= EXERCISE =
The line containing "Toco -Sorb - 60 κάψουλες πηκτής" marks the start. Restate it and every following line through the end of the records exactly, and nothing else, leaving out the pictures.

(Extracted data entries)
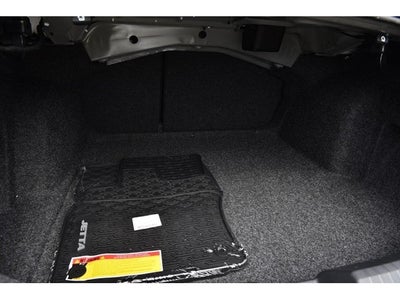 2026 Volkswagen Jetta S Auto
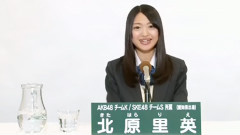 AKB48 第5回選抜総選挙政見SKE48 チームS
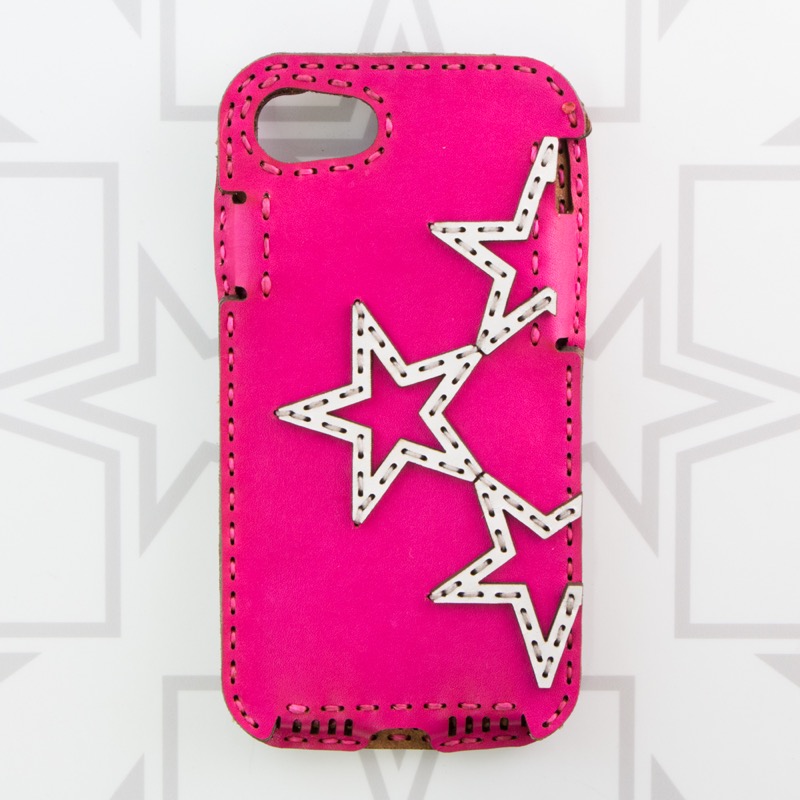 OJAGA STAR (iPhoneSE2/8/7/6s/6)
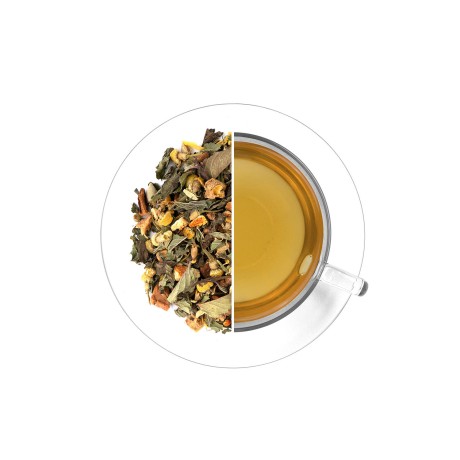 Tomas Bata's Morning Tea, 50 g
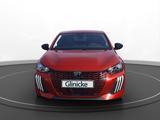 Peugeot 208 Allure Mildhybrid 110 e-DSC6 360°Kamera PDC - Peugeot: 1.6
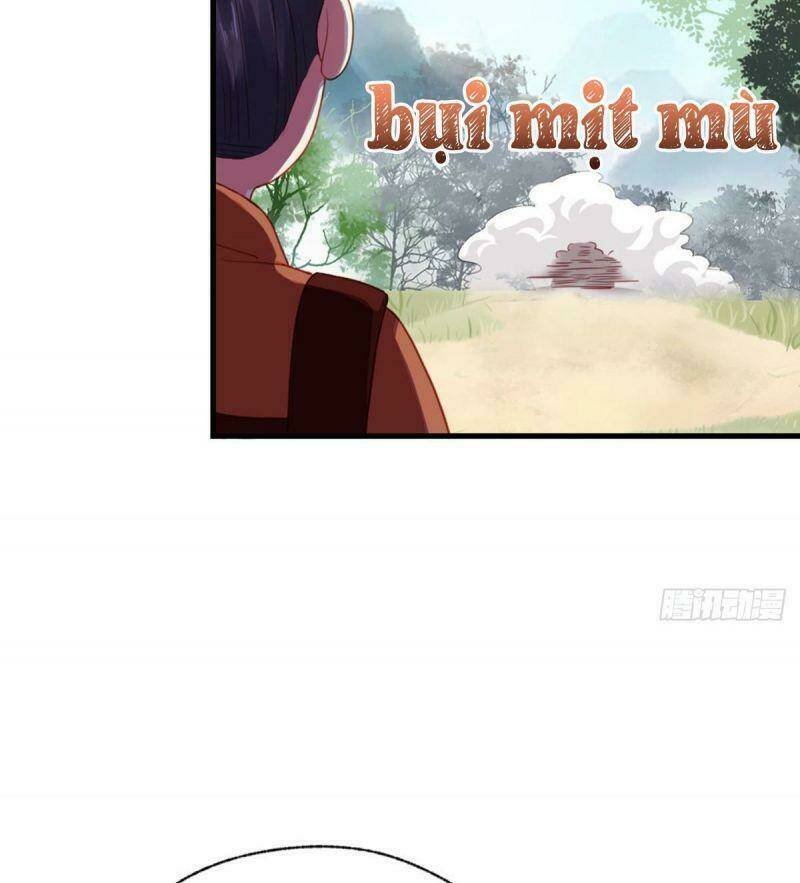 đứng yên ! phụng chỉ đánh cướp đây chapter 35 23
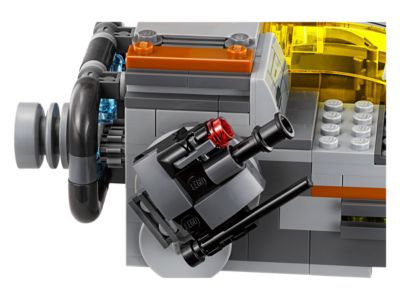 LEGO Resistance Transport Pod™ (75176)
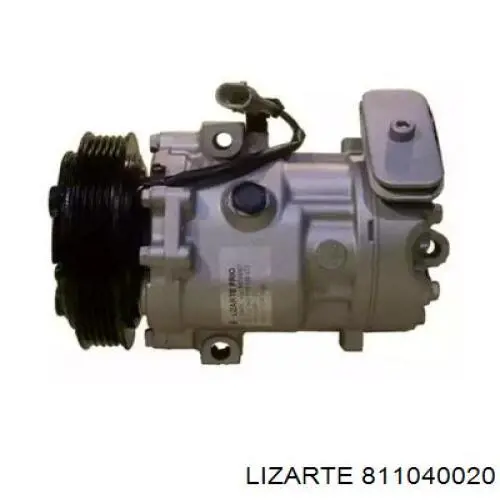811040020 Lizarte компрессор кондиционера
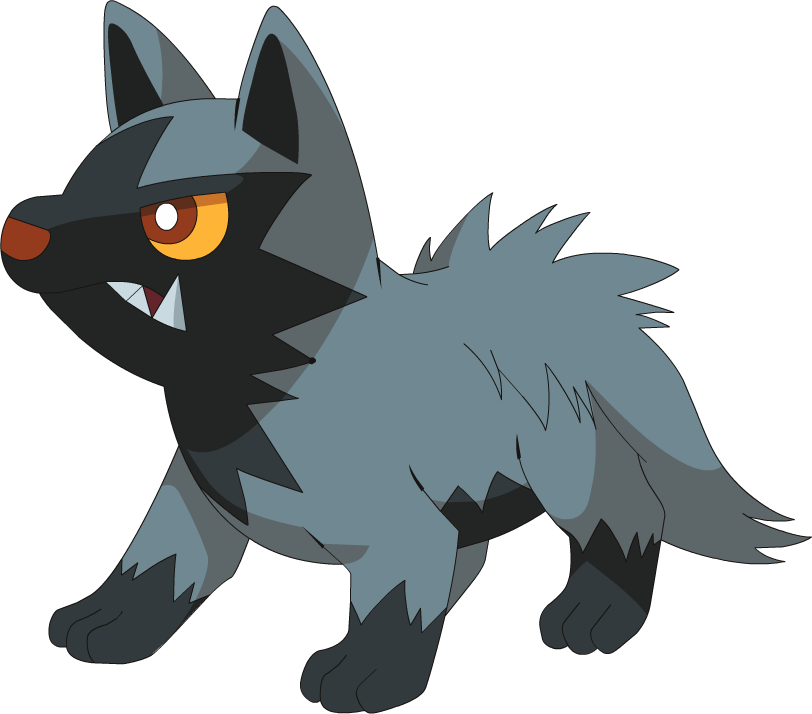 Poochyena - Pokémon Wiki - Wikia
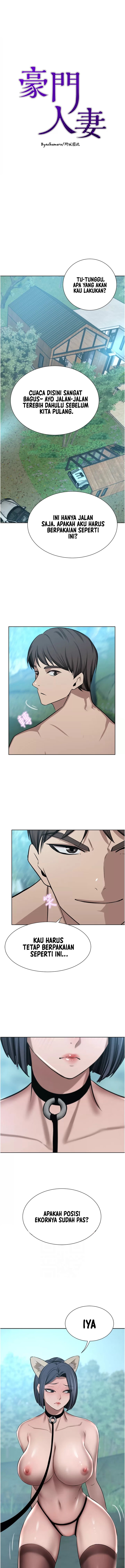 The Wealthy Girl - Chapter 54 2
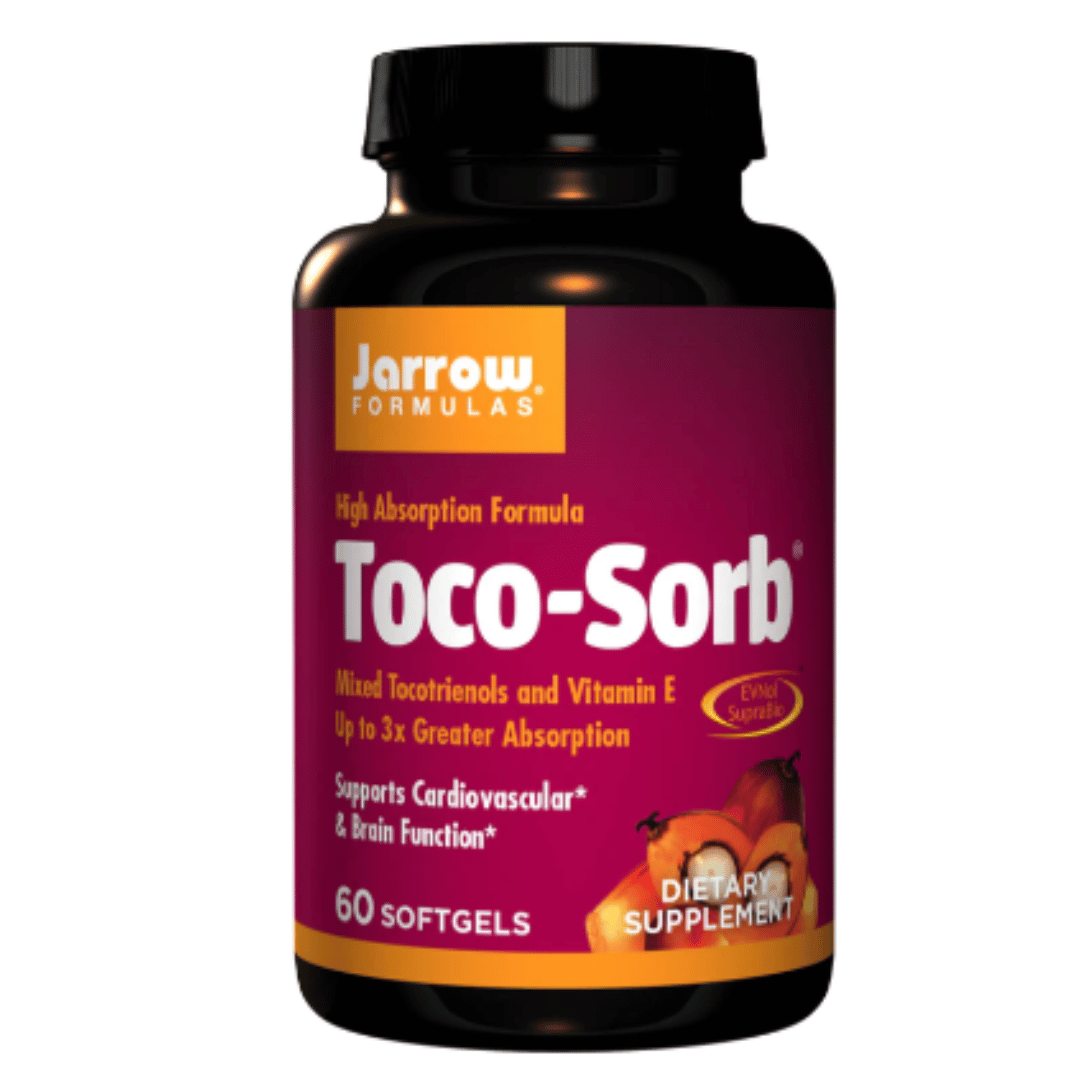Toco -Sorb - 60 κάψουλες πηκτής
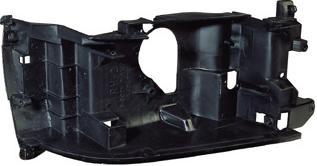 Chrysler Town & Country/Plymouth Voyager Passenger Side Headlight Bracket Adapter - CH2509103
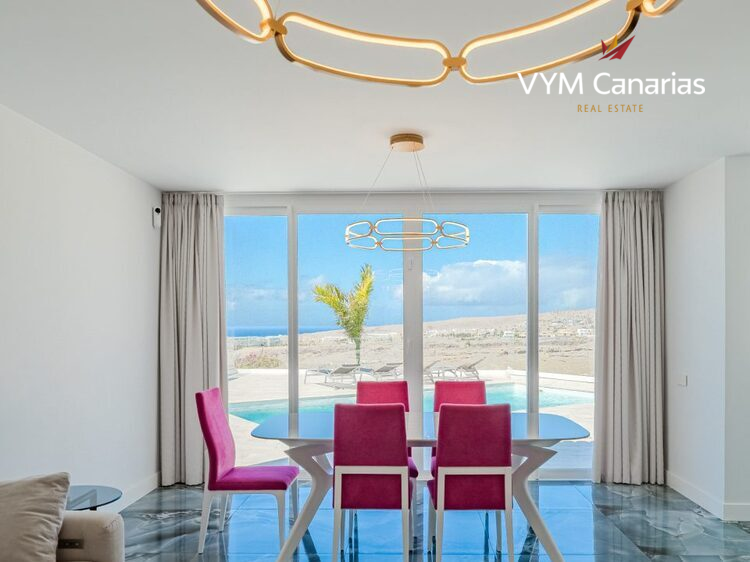 Maison / Villa El Duque-Costa Adeje, Adeje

= EXERCISE ANSWER =
Toco -Sorb - 60 κάψουλες πηκτής
 Chrysler Town & Country/Plymouth Voyager Passenger Side Headlight Bracket Adapter - CH2509103
 Maison / Villa El Duque-Costa Adeje, Adeje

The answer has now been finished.